03/25 A Comparison of the NZTM and FPS Models of the New Zealand Economy
Kam Leong Szeto, Paul Gardiner, Richard Gray and David Hargreaves
This paper investigates and compares the dynamic properties of the New Zealand Treasury model (NZTM) and the current version of the Reserve Bank’s Forecasting and Policy System model (FPS). The main use of both two models is to produce macroeconomic forecasts. The NZTM model produces forecasts that are used as an input into the final forecast numbers presented in the Economic and Fiscal Update. The FPS model is used to produce the published forecasts in the Reserve Bank’s quarterly Monetary Policy Statement. Both models contain a number of judgements around the structure of the economy, the key shocks that impact on the economy, and how the economy evolves in response to these shocks.
The paper concludes that one of the main differences between the two models occurs in the impact of a world price shock on the real exchange rate and subsequently on exports and imports. Another key difference is the mechanism through which the net foreign asset position returns towards equilibrium. In FPS, the external balance is partly attained by forward-looking consumers who adjust spending to reach desired wealth positions. In contrast, the real exchange rate is the key mechanism in NZTM for re-establishing equilibrium.
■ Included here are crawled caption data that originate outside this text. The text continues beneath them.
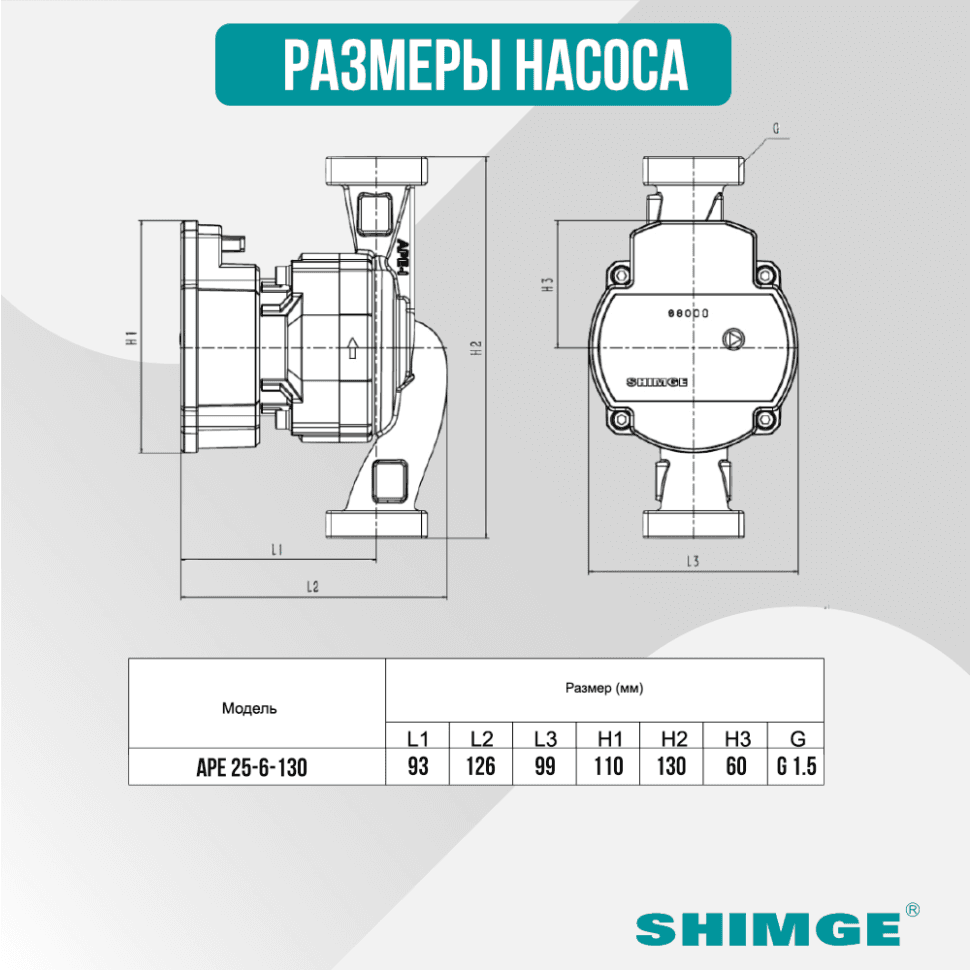 Циркуляционный насос SHIMGE APE 25-6-130 — фото 3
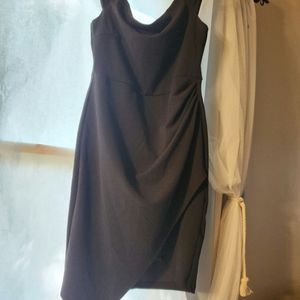 Square Neck Black Midi Dress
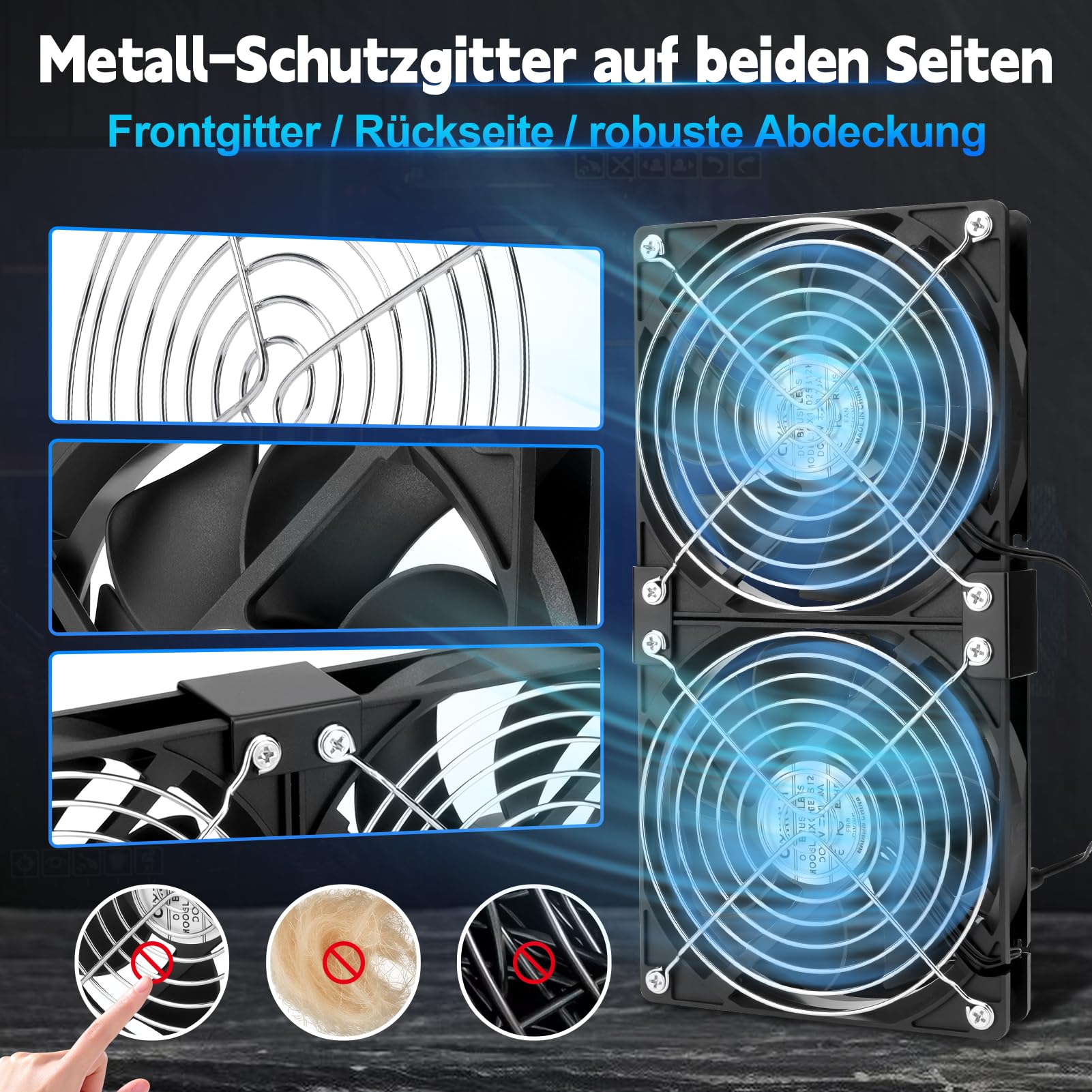 240 mm Doppelluefter, 2 x 120 mm 12 V Gehaeuseluefter Lüfter mit stufenlosem Drehzahlregler, Metall-Schutzgitter, fuer PC, Router, Netzteil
03/26 Work and Family Balance: An Economic View
Jason Varuhas, Veronica Jacobsen and Lindy Fursman
This paper uses an economic framework to analyse the basis for government intervention to promote a balance between work and family life. The way in which people balance their work and family responsibilities is becoming increasingly prominent on the policy agenda. Much of the available literature advocates government intervention with little, if any, consideration of the theoretical basis for intervention or empirical analysis of the effects of the policies. This paper uses an economic framework to explore the rationale for government policies to improve work/family balance. It finds that strongest economic grounds for government intervention are the effects that maternal work may have on children. The evidence, however, is not strong, and whether maternal employment helps or harms children depends to a large part on the nature and quality of the childcare the children receive while the parents are at work. A number of policies could be used to promote work/family balance, including leave, childcare, changes to working hours, efforts to improve the family-friendliness of organisational cultures and tax/benefit policies. The most significant factor affecting work/family balance appears to be the organisational culture of the firm. In general, if organisational culture is not, in fact family-friendly, family-friendly measures will have little effect.
The paper reviews data on long-term changes in the age structure of the New Zealand population. It sets out trends and projections for the age structure of the national population, and for associated measures of dependency. It describes the influences on age structure of fertility, mortality, and migration. Disaggregated results on age structure are presented, including ethnic differentials, regional variations, and fluctuations within narrowly-defined age groups. Comparisons are made with other OECD countries. Uncertainty, the likelihood of continued life expectancy gains, and life expectancy and health at older ages are discussed.